Cheaper to get drunk than go to the cinema say UK’s young people
Monday 19 November 2012
Cheap alcohol and the way it is promoted encourages excessive drinking, according to one thousand 16 -24 year olds surveyed by Alcohol Concern and Balance ahead of Alcohol Awareness Week.
The survey is part of a new report, 'Binge - Drinking to get drunk: Influences on young adult drinking behaviours,' published today, which looks at young people's relationship with alcohol. Those surveyed agreed that 'drinking to get drunk' is the defining feature of how young people relate to alcohol.
Seven out of ten said that the difference in the price of alcohol bought from pubs and bars compared with off-licences influences how people drink. They also agreed that the way alcohol is promoted encourages excessive consumption, with young people reporting that it is often cheaper to buy a three litre bottle of cider than buy a ticket to go to the cinema.
Tom Smith, Programme Policy Manager, Alcohol Concern said:"This report is further proof of the impact cheap alcohol is having on the health and wellbeing of our young people. "They have told us loud and clear that the way in which alcohol is priced influences the way they drink. We also know that our young people are more likely to have experienced being drunk by the age of 13 than their peers in almost any other European country.
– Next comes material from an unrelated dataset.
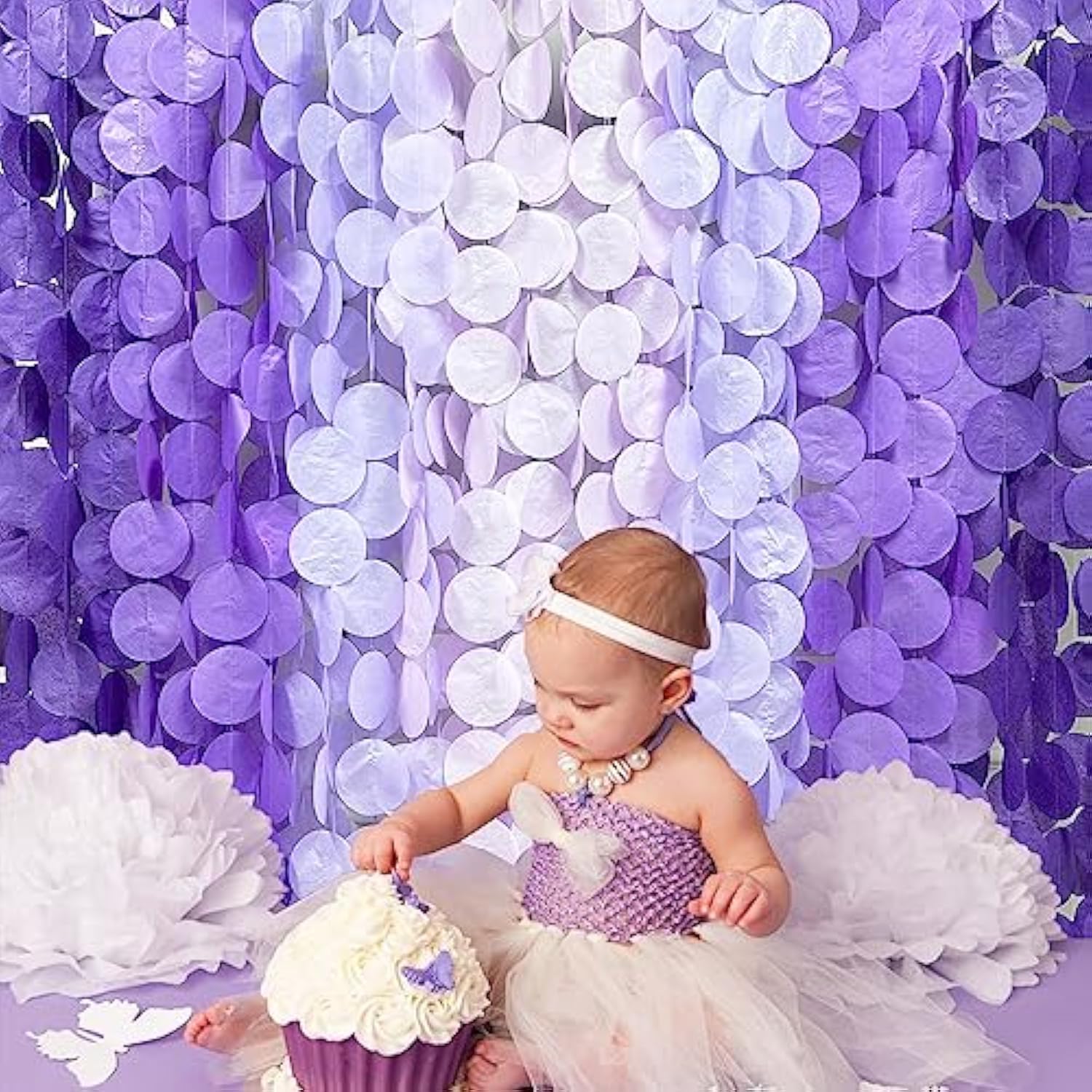 205Ft Lavender Ombre Dot Garland – Purple Party Streamer for Wedding, Birthday & More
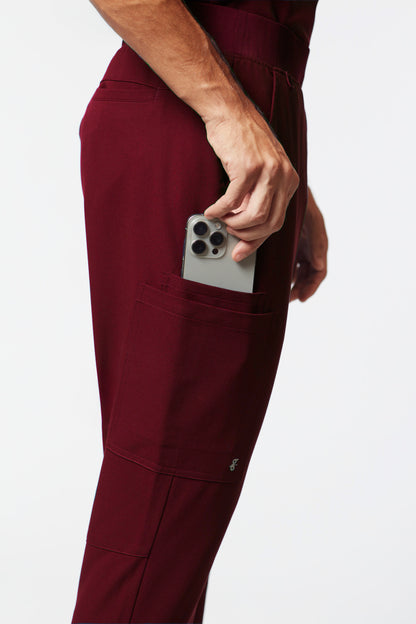 calça scrub masculina Soft Jatene Vinho - Pijama Cirurgico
"This survey shows just how urgent action on Minimum Unit Pricing is and we're calling on the Government to set a 50p minimum unit price without delay."
The report shows that alcohol is now 44% more affordable today, in relative terms, than it was in 1980 and that there has been a 25% growth in the number of off-licensed premises, increasing the easy availability of cheap alcohol.
Colin Shevills, Director of Balance, the North East Alcohol Office, said:
"Although more young people are choosing not to drink, there are still too many who drink to excess. Alcohol is too affordable, too available and too heavily promoted, encouraging young people to drink from an early age.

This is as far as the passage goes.